Background:
At dClimate we want to make Climate DeSci easy. The way to do this is by giving people access to tools they are used to using while abstracting away all the "complicated stuff". Most of the time it's hard to get people to get into their Terminal and install Git let alone Kubo(IPFS), provide instructions support for cross platform support etc. In the case of DeSci, one of the most important tools for scientists is a Jupyter Notebook for running python code easily. Coupled with IPFS it can demonstrate the value of DeSci.

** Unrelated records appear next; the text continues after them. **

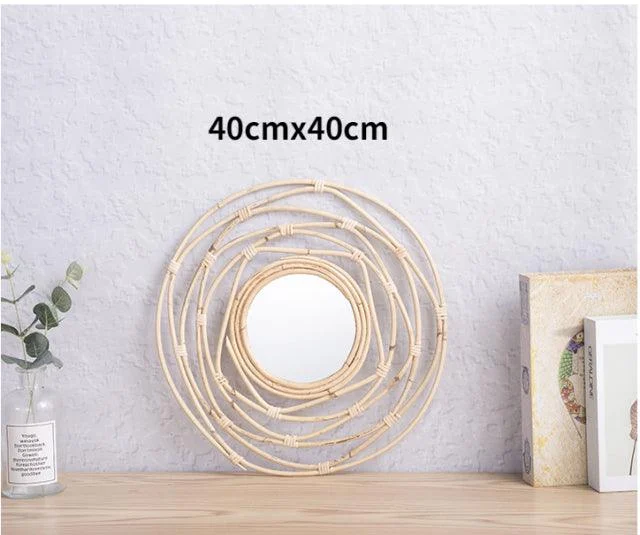 V Rattan Mirror 761612346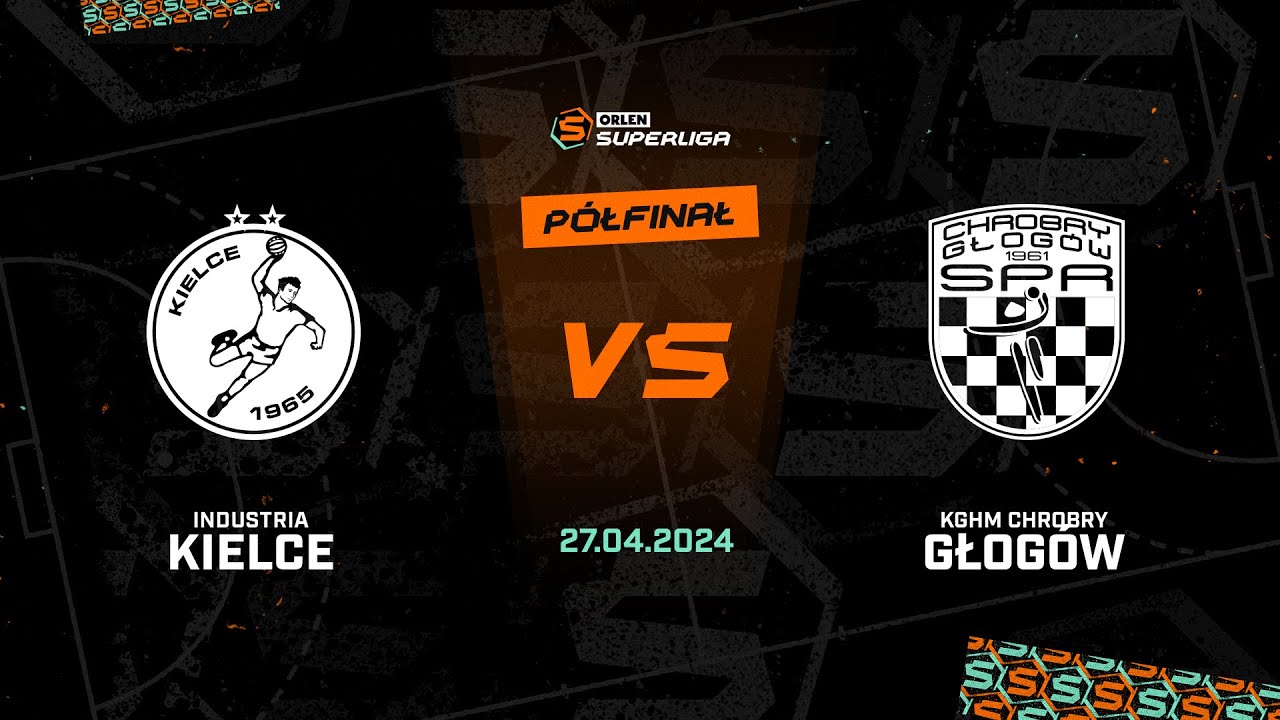 Półfinał: Industria Kielce - KGHM Chrobry Głogów [SKRÓT]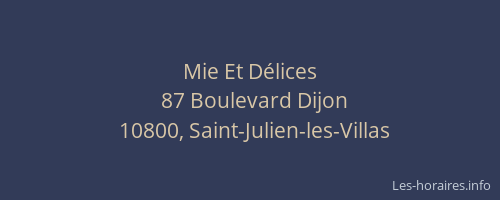 Mie Et Délices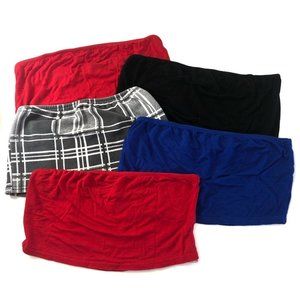 Bundle of 5 bandeau tops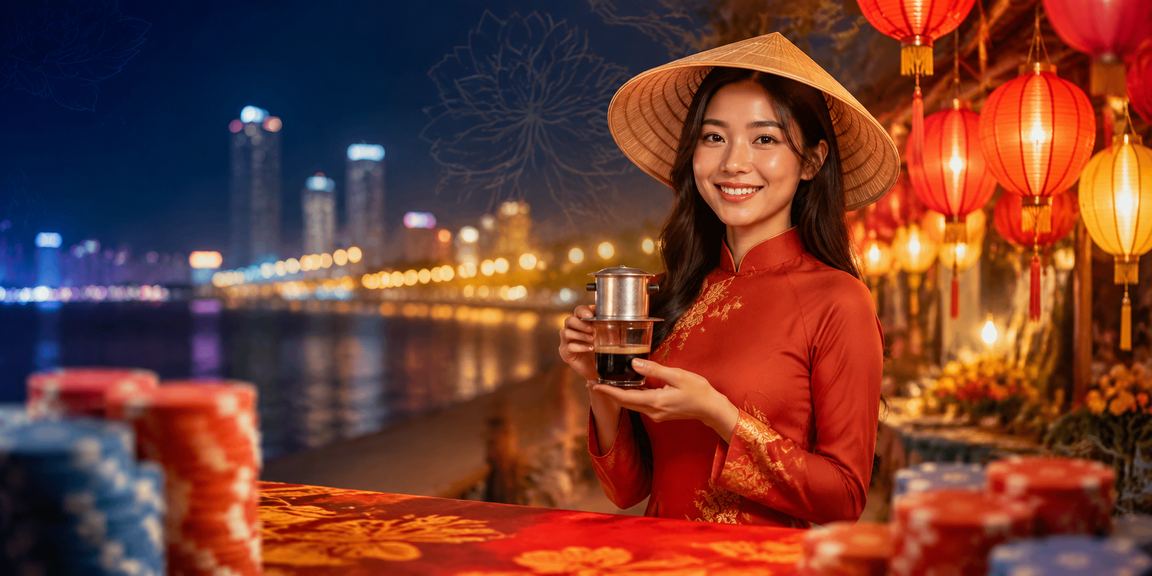 Khung cảnh khu nghỉ dưỡng casino ven biển Nha Trang vào ban ngày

At dClimate we created a mini curriculum of sorts in a repo that can be found here https://github.com/dClimate/jupyter-notebooks which bundles IPFS and Jupyter into the same Docker container, this way the end user doesn't need to worry about their global python version, venv, package managers etc. Things "just work". What's more is that not only can the notebook be run locally via docker compose (scientists won't installed docker, that's a dropoff point already), it can be essentially one click launched onto Railway (a very easy to use PaaS) without any frills. In other words, you can launch a Jupyter Notebook which accesses data via IPFS without being too technical. You can launch it on Railway using this template here https://railway.com/template/4Xk-zm?referralCode=ciD76B (IMPORTANT: After deploying the template you must tap the jupyter-notebooks service box, go to the settings page, select TCP Proxy under Public Networking and pick the 4001 port which maps to IPFS. You can only pick one proxy, you will be randomly assigned a domain name and a port which maps to the port you selected. You must then click the three dots on deployments and redeploy so that the TCP proxy takes effect.)
Screenshot 2025-03-18 at 1.26.36 AM
Problem:
On either Railway or running locally, the IPFS node in the notebook (101 - Getting Started.ipynb) can access and swarm connect to other running peers. This also means data can be queried from these peers or the wider ipfs network. So far so good.